Your AI Editor Doesn’t Know What You’re Doing
Your editor knows your codebase. It doesn’t know what you’re doing.
This is a structural limitation of how AI tooling is currently built, and the distinction matters more than it seems. Knowing a codebase means having a model of state — the functions, the types, the call graph, what exists and how it connects. Knowing what a programmer is doing means having a model of process — the intent behind the current sequence of edits, the problem being solved, the direction of movement. State is a snapshot. Process is a vector.
Current tools are good at the snapshot. They index your codebase, retrieve relevant context, and generate suggestions calibrated to what’s there. The Cursor-style approach has gotten remarkably far on this. But it consistently fails at a specific class of problem: situations where the right suggestion depends not on what the code looks like right now, but on what the programmer has been trying to do for the last twenty minutes.
The obvious fix is to send edit history as context. If the model sees the last hundred edits, it can infer intent. The problem is cost. Edit history is verbose, the context window fills fast, and most of what’s in that history is noise — intermediate states, backtracking, exploratory deletions. Sending raw history to a remote model on every keystroke isn’t a product, it’s a billing catastrophe.
The architecture I want to propose inverts the problem.
Instead of sending more context up, you add a layer of compression locally. A small model runs inside the editor — lightweight enough to respond in real time, trained specifically to track edit sequences and produce structured summaries. Not natural language summaries. Embeddings. The local model watches every edit, maintains a running representation of programmer intent as a vector, and sends that vector upstream when the remote model needs it.

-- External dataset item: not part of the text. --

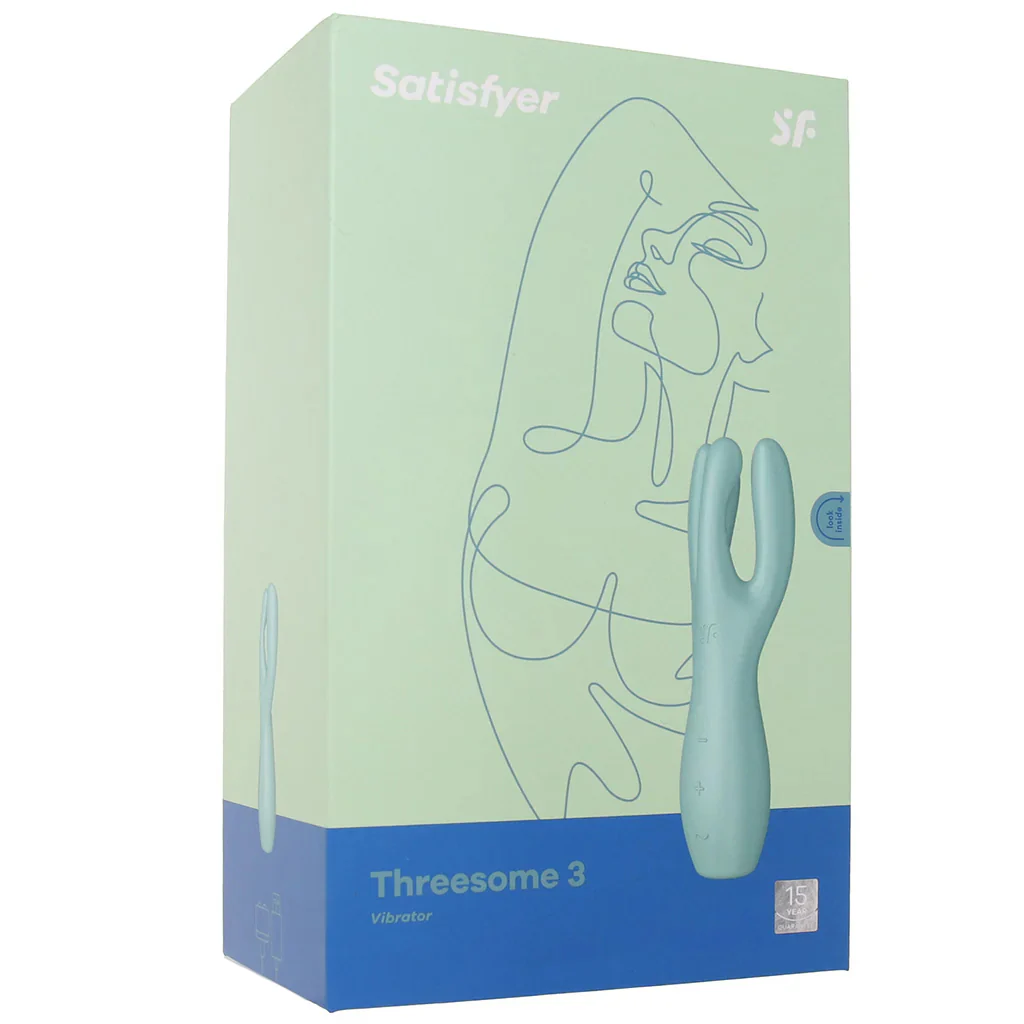 Satisfyer Threesome 3 Vibe in Mint - Image 9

The remote model receives not a history of raw edits but a compressed semantic trace of what the programmer has been doing. It uses this to generate suggestions that are calibrated to process, not just state.
This is already an improvement. But the interesting part is what happens when you make the communication bidirectional.

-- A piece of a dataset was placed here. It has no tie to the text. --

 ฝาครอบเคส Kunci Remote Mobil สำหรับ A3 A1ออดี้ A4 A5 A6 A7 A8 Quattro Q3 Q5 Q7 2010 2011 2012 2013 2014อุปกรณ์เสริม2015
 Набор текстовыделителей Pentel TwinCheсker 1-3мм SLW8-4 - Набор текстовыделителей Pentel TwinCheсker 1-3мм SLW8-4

The remote model doesn’t just receive from the local model — it can dispatch to it. Before generating a suggestion, the remote model can send an investigation instruction: check whether this function is called anywhere else, find all implementations of this interface, trace how this variable is threaded through the codebase. The local model executes the investigation against the indexed codebase and returns the result. The remote model incorporates this into the suggestion.

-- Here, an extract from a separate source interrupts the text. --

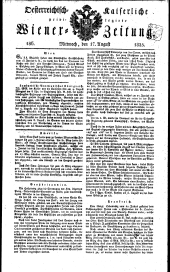 Wiener Zeitung 18250817 Seite: 1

Two cases where this matters concretely. First: the remote model is about to suggest a refactoring. Before suggesting it, it dispatches — verify this change won’t break callers it can’t see from the current file. Second: it recognizes a pattern in the edit trace that commonly leads to a specific class of bug. It dispatches — check whether the conditions for that bug are present here. The suggestion, if it comes, arrives with actual grounding.
The criterion for dispatch isn’t general uncertainty — it’s consequential uncertainty. The remote model investigates when the suggestion has implications it can’t evaluate from the context it already has. This is partially mapped, not solved. There are more cases than the two above, and the boundary conditions between “investigate” and “suggest directly” aren’t fully defined. I’m naming this as open.
The embedding layer is also open, and in a deeper way.
The premise is that the local model compresses edit sequences into vectors that the remote model can interpret. But these are different models, potentially different architectures, certainly trained on different data. Their embedding spaces aren’t compatible by default. A vector that means “the programmer is decomposing a monolith” in the local model’s geometry doesn’t mean the same thing in the remote model’s geometry.
The solution is probably a trained alignment layer between the two spaces — essentially, fine-tuning both models jointly on the specific task of intent communication. This requires data that doesn’t quite exist yet: annotated edit sequences with ground-truth intent labels, enough of them to produce a local model worth running. This isn’t an insurmountable problem. It’s an expensive one.
What does exist is the architecture. The shape of what would need to be built. And the observation that the bottleneck in AI-assisted programming isn’t intelligence — the remote models are already remarkable — it’s the channel. What gets sent, when, how it’s compressed, who decides what to investigate. That’s the unsolved layer.
It’s worth being concrete about what this unlocks, because it’s a different category of tool than what exists today.
A model that tracks process — not just state — can tell you there’s a better way to solve the problem you’re currently solving. It can notice you’re heading toward a race condition before you’ve written the code that introduces it. It can recognize that a library exists which would eliminate the pattern you’ve been manually implementing for the last forty minutes. It can see that the abstraction you’re building in this file is going to collide with a decision made in another file three sessions ago.
None of this is next-line prediction. It’s next-hour guidance. The difference between a tool that completes your sentences and one that understands what you’re trying to say.
The editor sees your code. It should be able to see you working.